__Provided information__:
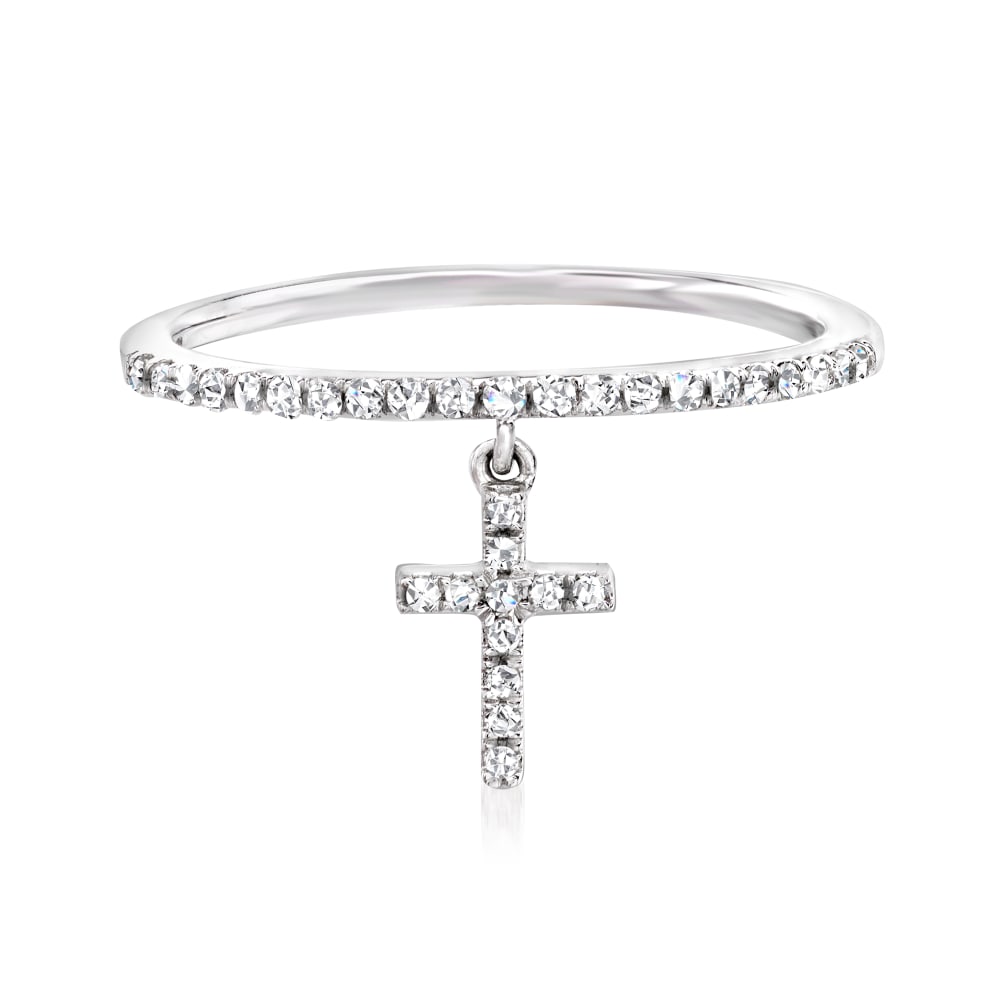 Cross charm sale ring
==
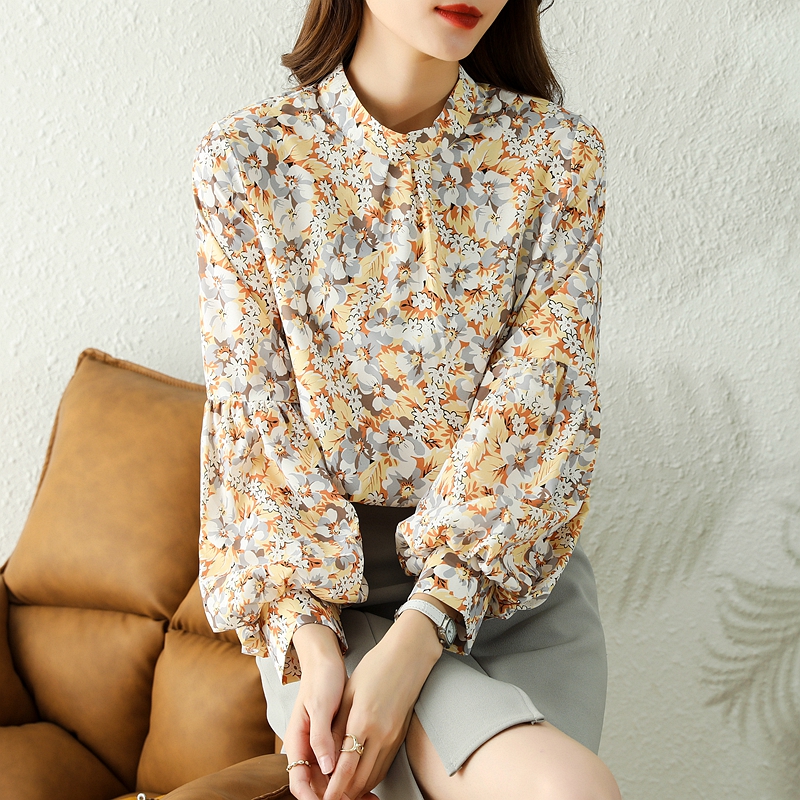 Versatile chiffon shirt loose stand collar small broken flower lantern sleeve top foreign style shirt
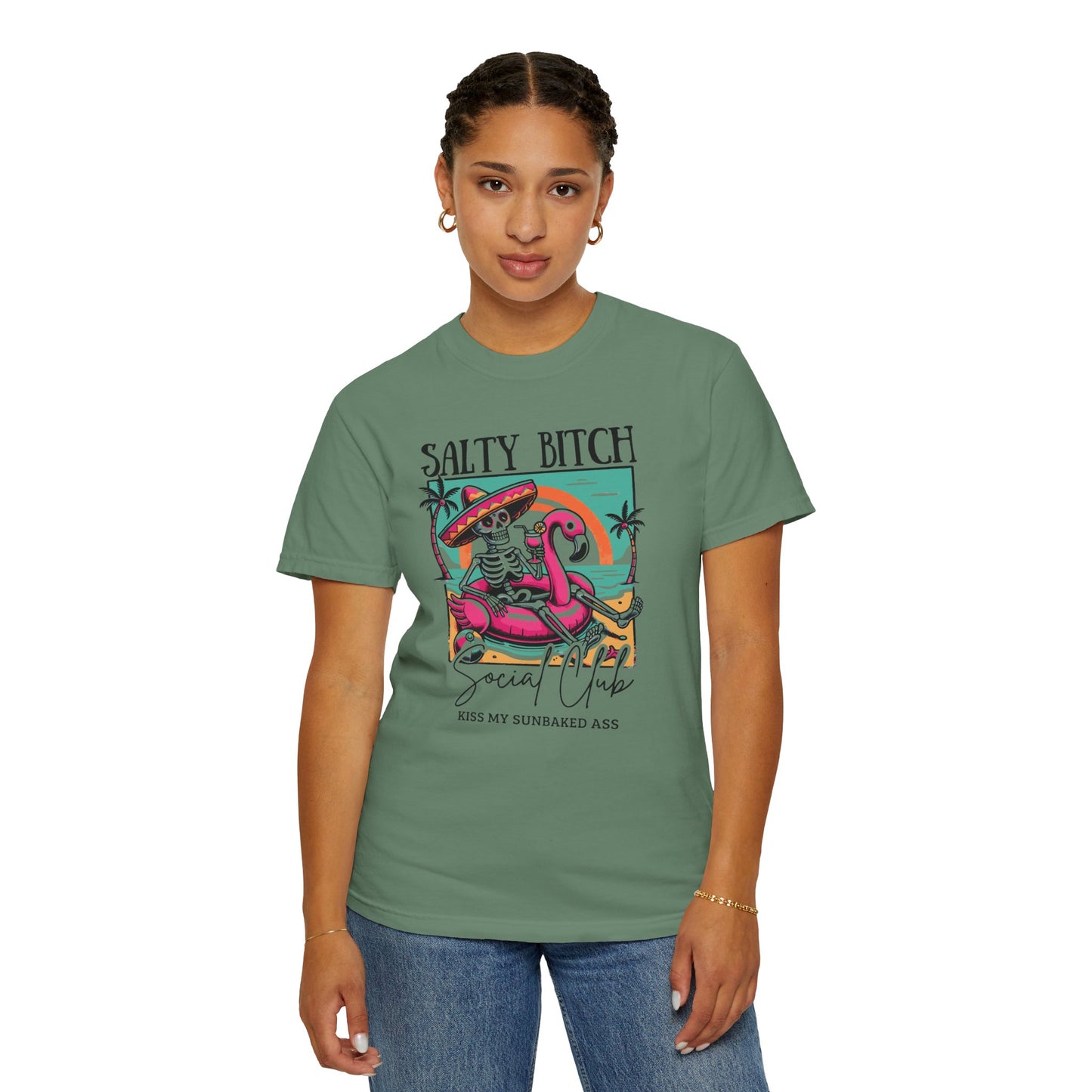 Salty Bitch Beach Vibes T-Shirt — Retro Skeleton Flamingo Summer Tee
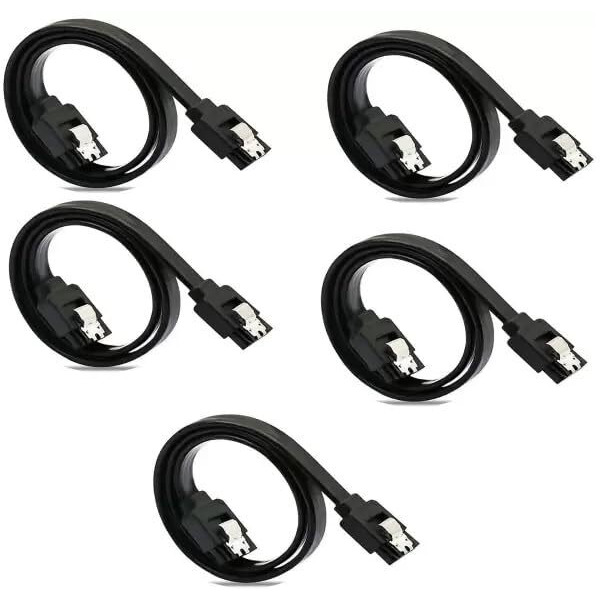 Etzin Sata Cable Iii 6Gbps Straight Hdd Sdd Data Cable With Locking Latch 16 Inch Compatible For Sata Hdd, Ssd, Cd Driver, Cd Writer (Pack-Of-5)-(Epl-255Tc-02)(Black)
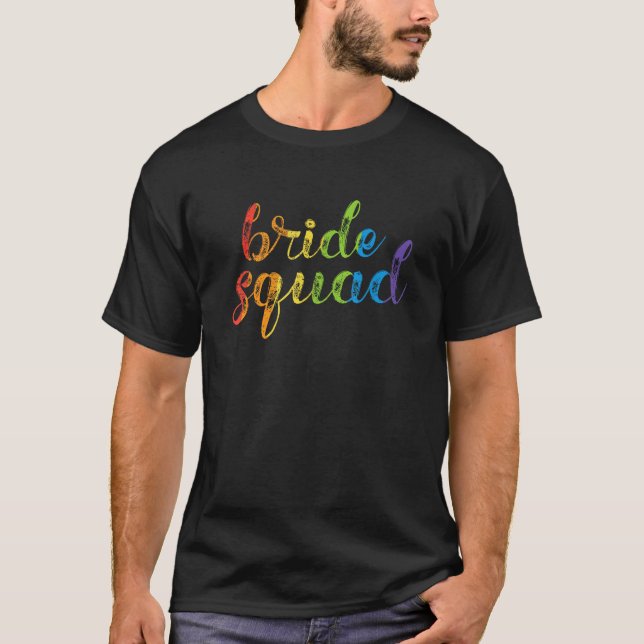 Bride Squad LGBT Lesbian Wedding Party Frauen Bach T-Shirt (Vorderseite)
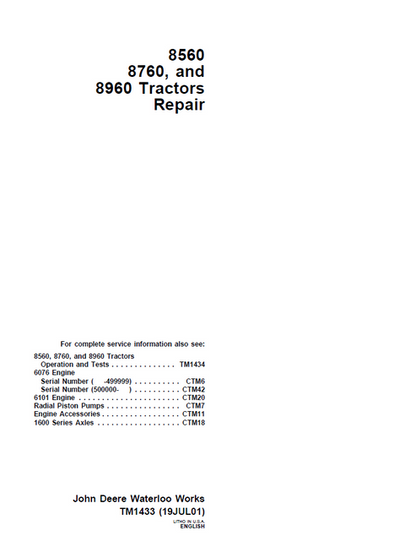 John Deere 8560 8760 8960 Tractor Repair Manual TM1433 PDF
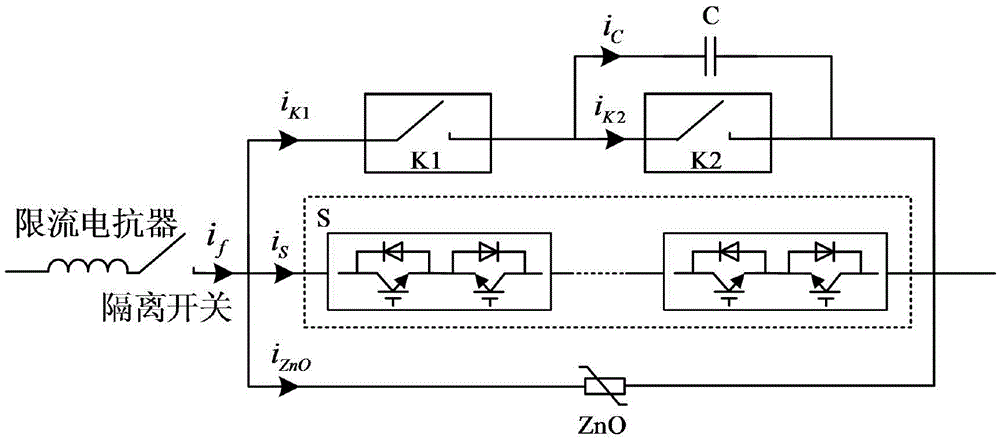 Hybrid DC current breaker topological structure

__Directions__: Range to copy from the listing above: the line containing "Bride Squad LGBT" down to the line containing "Hybrid DC current", both included. Reproduce it exactly, minus the pictures, and add nothing.

__Problem solution__:
 Bride Squad LGBT Lesbian Wedding Party Frauen Bach T-Shirt (Vorderseite)
 John Deere 8560 8760 8960 Tractor Repair Manual TM1433 PDF
 Hybrid DC current breaker topological structure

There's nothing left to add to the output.